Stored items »

┄┄┄┄┄┄

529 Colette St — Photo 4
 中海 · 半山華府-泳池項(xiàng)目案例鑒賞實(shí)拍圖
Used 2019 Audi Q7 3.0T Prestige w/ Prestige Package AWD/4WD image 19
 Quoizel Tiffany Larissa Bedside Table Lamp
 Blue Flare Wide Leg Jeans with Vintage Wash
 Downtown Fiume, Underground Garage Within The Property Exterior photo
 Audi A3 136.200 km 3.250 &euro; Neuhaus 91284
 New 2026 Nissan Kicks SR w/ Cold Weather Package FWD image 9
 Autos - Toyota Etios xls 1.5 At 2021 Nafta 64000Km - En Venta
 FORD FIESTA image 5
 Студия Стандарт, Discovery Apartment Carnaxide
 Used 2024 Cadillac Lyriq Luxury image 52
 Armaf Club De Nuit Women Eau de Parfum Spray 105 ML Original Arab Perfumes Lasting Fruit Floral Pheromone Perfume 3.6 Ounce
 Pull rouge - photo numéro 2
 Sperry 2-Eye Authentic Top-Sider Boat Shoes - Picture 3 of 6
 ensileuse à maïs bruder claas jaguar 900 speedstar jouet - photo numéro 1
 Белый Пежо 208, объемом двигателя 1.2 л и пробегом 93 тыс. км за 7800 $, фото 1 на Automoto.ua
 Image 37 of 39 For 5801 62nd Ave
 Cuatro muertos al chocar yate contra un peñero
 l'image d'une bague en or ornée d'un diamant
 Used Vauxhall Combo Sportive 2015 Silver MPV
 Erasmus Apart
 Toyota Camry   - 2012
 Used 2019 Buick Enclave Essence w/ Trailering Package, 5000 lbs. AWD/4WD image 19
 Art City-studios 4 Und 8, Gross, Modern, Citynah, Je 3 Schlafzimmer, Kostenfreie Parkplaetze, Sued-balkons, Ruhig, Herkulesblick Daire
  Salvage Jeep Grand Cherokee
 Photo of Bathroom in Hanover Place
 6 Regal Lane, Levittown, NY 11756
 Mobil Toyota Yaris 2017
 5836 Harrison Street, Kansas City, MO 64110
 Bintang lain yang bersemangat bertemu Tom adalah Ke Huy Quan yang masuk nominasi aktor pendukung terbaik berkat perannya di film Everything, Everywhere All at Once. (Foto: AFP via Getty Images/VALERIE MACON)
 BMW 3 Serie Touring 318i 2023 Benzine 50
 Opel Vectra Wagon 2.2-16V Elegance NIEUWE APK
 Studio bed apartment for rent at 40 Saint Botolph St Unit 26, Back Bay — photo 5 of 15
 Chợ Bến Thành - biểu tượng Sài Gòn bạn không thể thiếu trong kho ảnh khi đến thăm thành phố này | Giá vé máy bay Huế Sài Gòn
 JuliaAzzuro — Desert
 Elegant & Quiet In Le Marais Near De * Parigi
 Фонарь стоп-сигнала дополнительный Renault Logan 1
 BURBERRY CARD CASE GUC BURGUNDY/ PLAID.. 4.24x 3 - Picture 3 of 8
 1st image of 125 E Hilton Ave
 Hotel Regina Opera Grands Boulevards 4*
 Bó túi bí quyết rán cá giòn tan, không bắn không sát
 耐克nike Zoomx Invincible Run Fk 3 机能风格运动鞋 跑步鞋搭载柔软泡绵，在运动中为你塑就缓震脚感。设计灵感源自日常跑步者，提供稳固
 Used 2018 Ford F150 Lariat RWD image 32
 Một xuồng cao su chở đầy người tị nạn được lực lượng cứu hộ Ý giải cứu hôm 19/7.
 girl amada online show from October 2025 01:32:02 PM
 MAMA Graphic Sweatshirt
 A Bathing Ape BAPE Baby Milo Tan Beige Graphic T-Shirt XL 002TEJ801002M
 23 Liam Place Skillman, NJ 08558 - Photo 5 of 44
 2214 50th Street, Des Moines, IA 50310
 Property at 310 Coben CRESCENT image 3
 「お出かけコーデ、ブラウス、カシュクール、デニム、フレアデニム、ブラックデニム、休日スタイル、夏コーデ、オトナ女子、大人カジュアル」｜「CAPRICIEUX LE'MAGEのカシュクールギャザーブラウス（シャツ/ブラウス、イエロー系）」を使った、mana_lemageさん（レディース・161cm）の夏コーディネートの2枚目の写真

┄┄┄┄┄┄

Work item » Nothing but the lines with "Picture" should be returned, copied from the entries above.

Exercise output »
 Sperry 2-Eye Authentic Top-Sider Boat Shoes - Picture 3 of 6
 BURBERRY CARD CASE GUC BURGUNDY/ PLAID.. 4.24x 3 - Picture 3 of 8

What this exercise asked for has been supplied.